Eine weitere aus dem Mediengeschehen selbst herrührende Gefährdung der Pressefreiheit ist das mehr oder weniger bewusste Übertreten ihrer legitimen Grenzen, was zu übermäßigen, aber dann nötig erscheinenden Einschränkungen führen kann. Wenn das Verdikt von der "Lügenpresse" wachsende Resonanz findet, mag das auch daran liegen, dass insbesondere Boulevardmedien den Persönlichkeitsschutz aus kommerziellen Motiven notorisch verletzen. Auch mit der Korrekturpflicht, die sich aus der Kombination von Richtigkeits- und Aktualitätsgebot für faktische Mitteilungen ergibt, steht es in der journalistischen Kultur Deutschlands nicht zum Besten. Regelmäßige Korrekturspalten wie in vielen US-Medien fehlen weitgehend.
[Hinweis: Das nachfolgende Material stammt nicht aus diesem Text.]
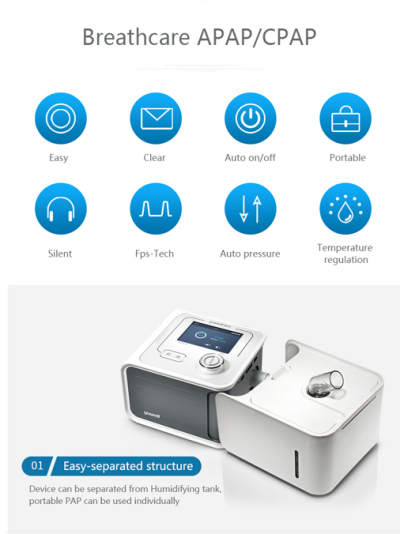 เครื่องอัดอากาศแรงดันบวก CPAP/APAP Yuwell รุ่น YH-560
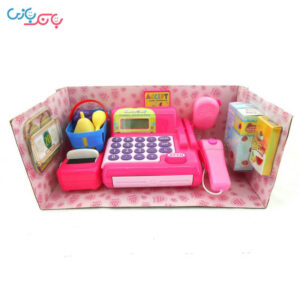 محتویات جعبه صندوق فروشگاهی CASH REGISTER مدل 02416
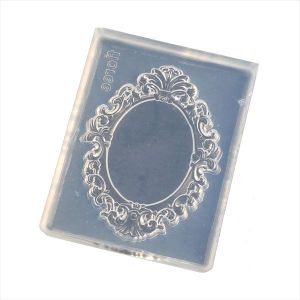 亀島商店 亀島商店 フレーム レジンクラフト用 ソフトモールド C-443 デザインフレームA 丸 1個入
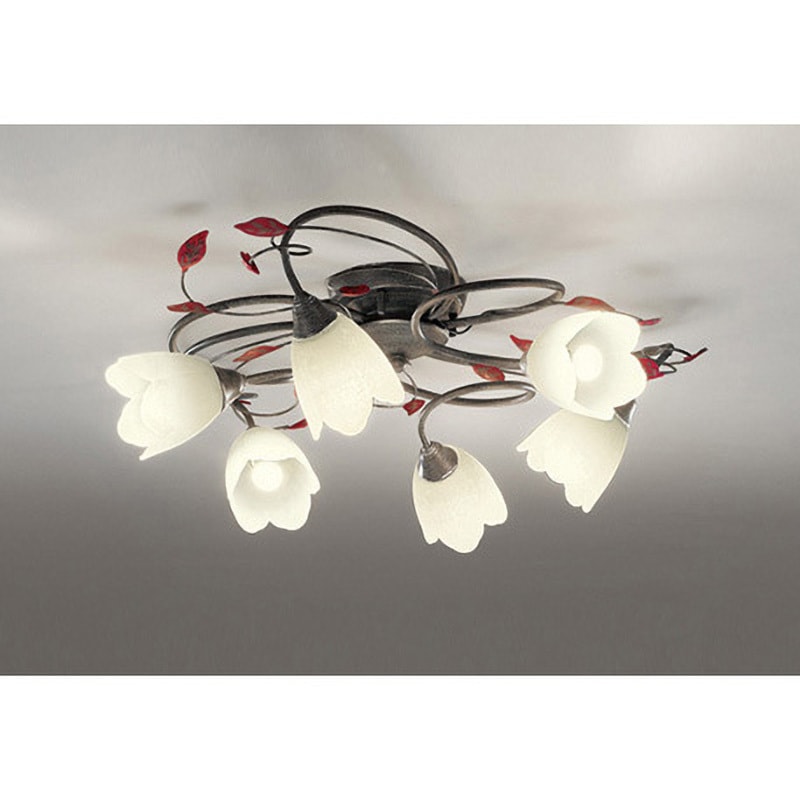 OC257026LR シャンデリア ODELIC(オーデリック) モカブラウン色古味 適用畳数～6 電球色 消費電力26.4W   OC257026LR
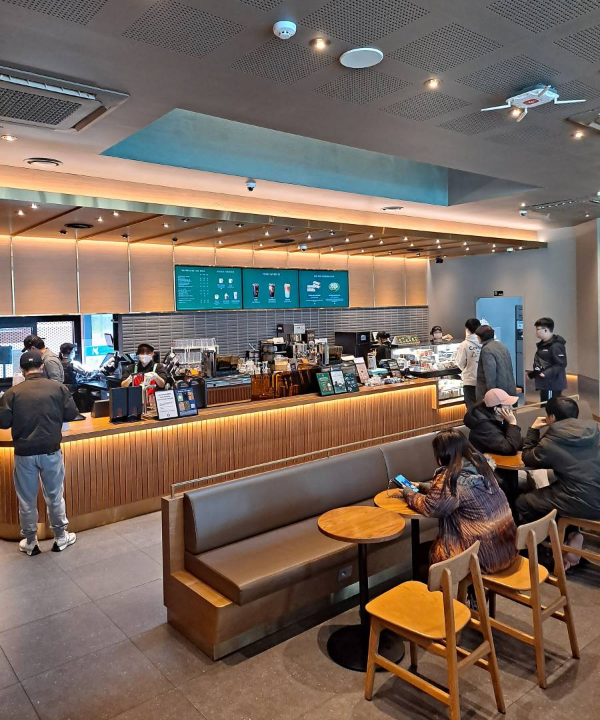 스타벅스 인천도화점 카운터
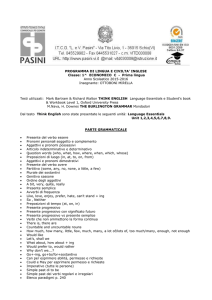 Programma di inglese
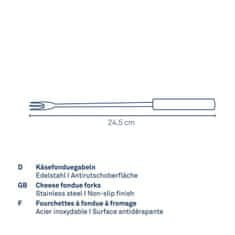 Kela Komplet vilic za Fondue MEYRIN iz nerjavečega jekla / silikona, siva 24,5cm KL-16581 -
Eine weitere Gefährdung rührt aus dem Abwandern von Anzeigeeinnahmen journalistischer Produkte zu Online-Medien ohne redaktionellen Teil. Das Versiegen dieser und anderer Finanzierungsquellen von Journalismus lässt die Geld-, aber auch die Zeitressourcen für gründliche Recherche schwinden.
Zukunft
Gefährdungen durch notorische Übertretung notwendiger Grenzen einerseits und durch politisch korrekte Konformität andererseits zeigen, dass von der Pressefreiheit unausgewogen Gebrauch gemacht wird. Diese Schieflage ruft sowohl nach mehr Sorgfalt als auch nach mehr Unbefangenheit beim Recherchieren und Darstellen. Mit anderen Worten: Sie ruft nach mehr journalistischer Professionalität. Ob das Defizit an Professionalität durch die Zunahme privater, öffentlicher und vor allem semi-öffentlicher Kommunikationsmöglichkeiten im Netz gemindert wird, ist mehr als zweifelhaft. Und dass sich die öffentliche Hand zwecks Stärkung der Professionalität intensiver um die journalistische Berufsbildung kümmert, wird möglicherweise durch den Befund behindert, dass Deutschland im internationalen Ranking der Pressefreiheit relativ weit oben steht.
Der Vergleich mit China oder der Türkei ist für die Einsicht, dass sich auch das halbwegs Zufriedenstellende verbessern lässt, kontraproduktiv. Dass journalistische Professionalität verstärkt, aber auch verbreitet werden sollte, weil im Netz jeder öffentlich kommunizieren kann, ist unter dem Aspekt der Selbstregulierungskraft der Gesellschaft von entscheidender Bedeutung. Es wäre gefährlich, sich auf den Lorbeeren der Entwicklung seit 1949 auszuruhen.